The Cruel Game

“Do you have a game tonight?” asks Long Suffering Wife. I think I detect a note of optimism in the tone of her question. I suspect an evening of unrestricted access to the TV remote will more than compensate for my absence. In my diary it says “Castlehill C away Dundee”. I hand her the remote.

 This is not an insignificant journey. Our chess team consists of the captain who plays a reasonable game, a  player who is even more hopeless than me, an irritating young boy, aged twelve, who in eighteen months or so will be a far better chess player than any of us – but at the moment is too much of a flibbertigibbet to get the results he should – and me, the designated driver. Picking up the team from scattered parts of the county is followed by a forty-mile drive to Dundee.

 Our matches are over four boards with thirty-six moves in an hour and a quarter followed by a fifteen minute “allegro” to finish the game. A game could therefore last up to three hours. I am out graded by about one hundred points but play carefully and after two and a half hours I am at least equal.
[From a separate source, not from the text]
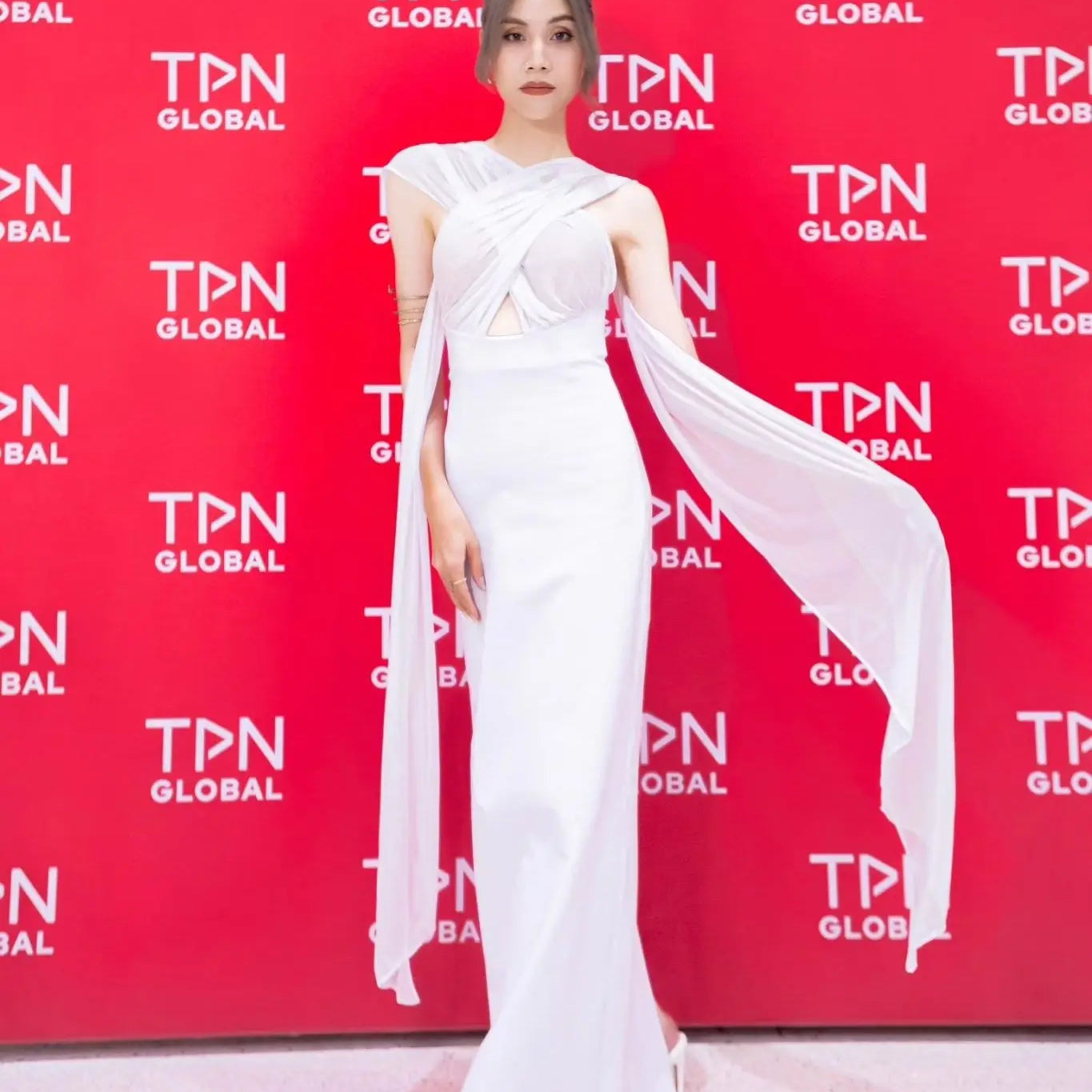 Black White Color Women Sexy Halter Off the Shoulder Sexy Mesh Long Dress Celebrate Evening Party Red Carpet Dress Wholesale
 This was the position where I threw my evening’s work into the dustbin. It is my move, as black, and instead of worrying about his knight coming to d6 via f5, I am eyeing up the white “a” pawn. If I fix it by moving a6 then I can win it with the knight from c4. That is what I did and that was the losing move. All I have to do is play Nc4 immediately and his knight cannot do any real damage. I might even have won. As it is my knight got trapped and I lost a pawn to extricate it and was remorselessly ground down.

 The team lost one and half points to two and a half. The captain is very grumpy during the long drive home, pointing out at length how obvious the immediate Nc4 move was. But for my shortcomings the result would have been reversed, seems to be the majority view of a disgruntled team. Chess is a very cruel game. One tiny mistake, that’s all it takes. When I reach home at midnight Long Suffering Wife has retired, but tells me later that she could tell I had lost from the way I opened the door.